Mary Clark, in her Daily Bruin article in support of race-based admission decisions, argues that affirmative action is critical in a society that has yet to “[transcend] racism and undone all of its effects.” However, what she ignores is the way in which affirmative action reinscribes racial divisions and further institutionally encoding constructions of a ‘racial experience.
Here, it’s useful to visit Foucault, a discourse theorist whose ideas have been incredibly influential to the fields encompassed within minority studies. For him, power is not “a general system of domination exercised by one element or one group over another,” but needs to be “understood [as] the multiplicity of relations of force that are immanent to the domain wherein they are exercised, and [which] are constitutive of its organization.” Power is not exercised by a dominant power (e.g. white society) over a minority group — that is, power does not act restrictively, as a form of oppression. Rather, is exists as an “omnipresence,” as a force that disguises itself as acting simply within the binary of oppressed/oppressor. In such a binary, to become empowered is simply becoming un-oppressed, of acquiring education/money/governmental position. However, Foucault argues, we must understand the larger discourse surrounding our perceptions of what is oppressed.
Proponents of race-based admissions seem to ignore the discursive implications of affirmative action, the way in which it might actually reinforce the current power relations that produce certain minorities as powerless. That is, it reinscribes the minority as occupying an inherently disenfranchised position. It homogenizes and essentializes the racial minority’s experience as being one way, while simultaneously essentializing the experience of ‘whiteness’ as being inherently different from that of the racial minority. The end problem of this is that this leaves no room for a white person to ever have a similar experience as someone from a racial minority — it affixes traits as inherent and exclusive to race. And isn’t this precisely oppositional to the aims of the progressive, anti-racist individual, the very same person who “should” be supporting affirmative action? It takes the incredibly racist social Darwinist arguments of the 19th century (certain races are biologically one way) and resituates them into the realm of social construction.
This is certainly not to say I don’t believe that racism exists and that there are many factors being of a racial minority can carry with it certain impediments. However, I can’t abide by the way that race-based admissions foreclose on the great diversity of experience while perpetuating a discourse in which the racial minority must occupy the oppressed position, forever “otherized” and homogenized.
This rubs up against my own concern for individual narrative, the desire to view individuals as individuals rather than needing to situate somebody within an institution — a belief that any body is capable of any diverse array of experience.
But yes, racism does exist, people of color are more likely to experience impediments based off of institutional biases than are white people. What is to be done other than affirmative action to curb this?
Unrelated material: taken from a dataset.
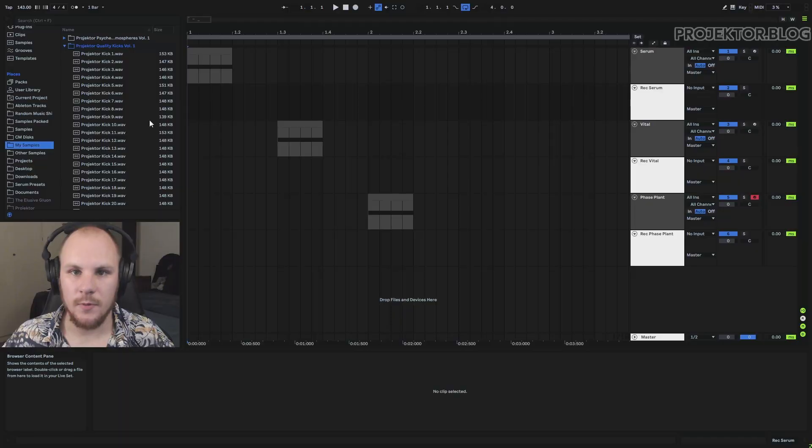The other way to get better kick drums is to synthesize them yourself, and that's what this tutorial is for. We're going to look at Serum, Vital, and Faceplant and see which one makes the best kick drums and which one has the easiest workflow. But first let me show you the kick pack that I made.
I support the current system, in which issues of race, class, sexuality, gender, disability, and other personal, specific factors are taken into account within the essay and context portions of the UC admissions process. This allows the reviewer to understand holistically and in a non-rigid, non-homogenizing way the relationship of a specific applicant to structural bigotry. In this way, a wealthy African-American applicant who wears Prada daily, is well connected, has been privy to the best educational support, has travelled the world, is not immediately given an edge over someone with equivalent aptitude, but from an urban, poor, single-parent — white — background.
Posted by Lee.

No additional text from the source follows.